What is being asked: Word for word, transcribe the data below from the line with "Free Printable hashtag" to the line with "Атака на Запорізьку", keeping both of those lines.

Given information:
= = = = =
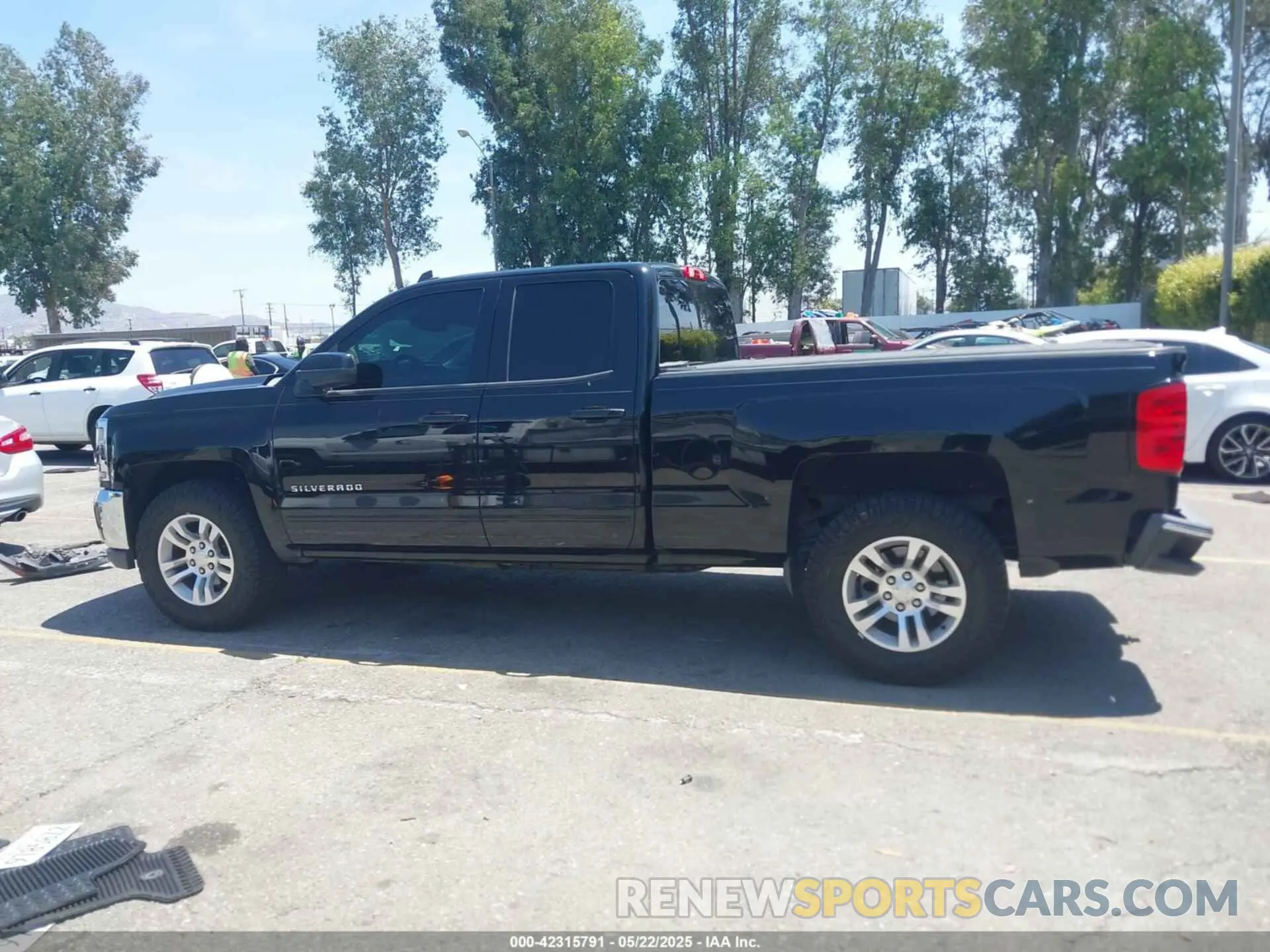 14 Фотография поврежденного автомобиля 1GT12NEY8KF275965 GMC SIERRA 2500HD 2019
= = = = =
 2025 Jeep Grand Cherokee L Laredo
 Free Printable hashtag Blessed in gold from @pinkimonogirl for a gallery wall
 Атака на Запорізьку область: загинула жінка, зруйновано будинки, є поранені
= = = = =
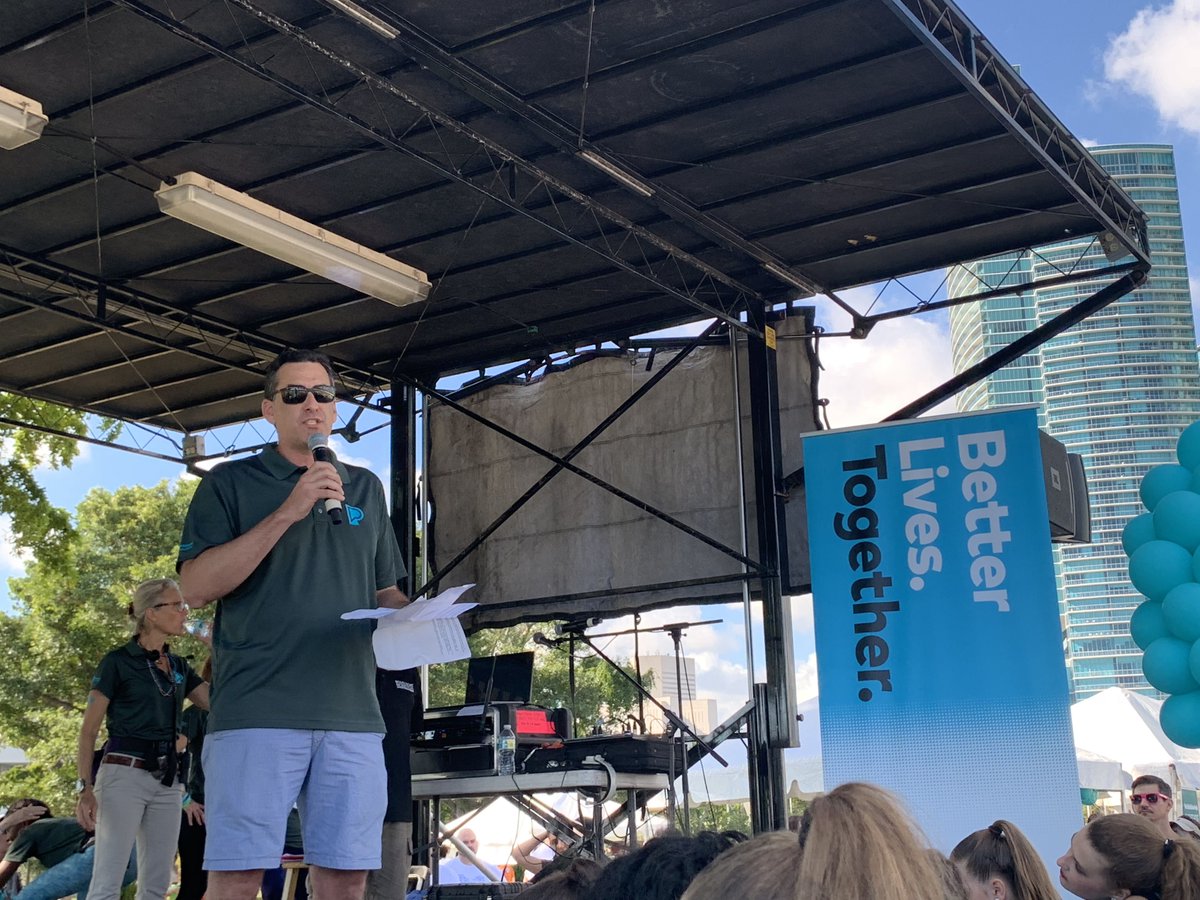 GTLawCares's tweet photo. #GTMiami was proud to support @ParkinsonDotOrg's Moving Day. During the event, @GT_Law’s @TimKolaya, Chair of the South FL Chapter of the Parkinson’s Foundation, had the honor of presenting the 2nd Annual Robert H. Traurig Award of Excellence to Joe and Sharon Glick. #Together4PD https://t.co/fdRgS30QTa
= = = = =
Written response:
 Free Printable hashtag Blessed in gold from @pinkimonogirl for a gallery wall
 Атака на Запорізьку область: загинула жінка, зруйновано будинки, є поранені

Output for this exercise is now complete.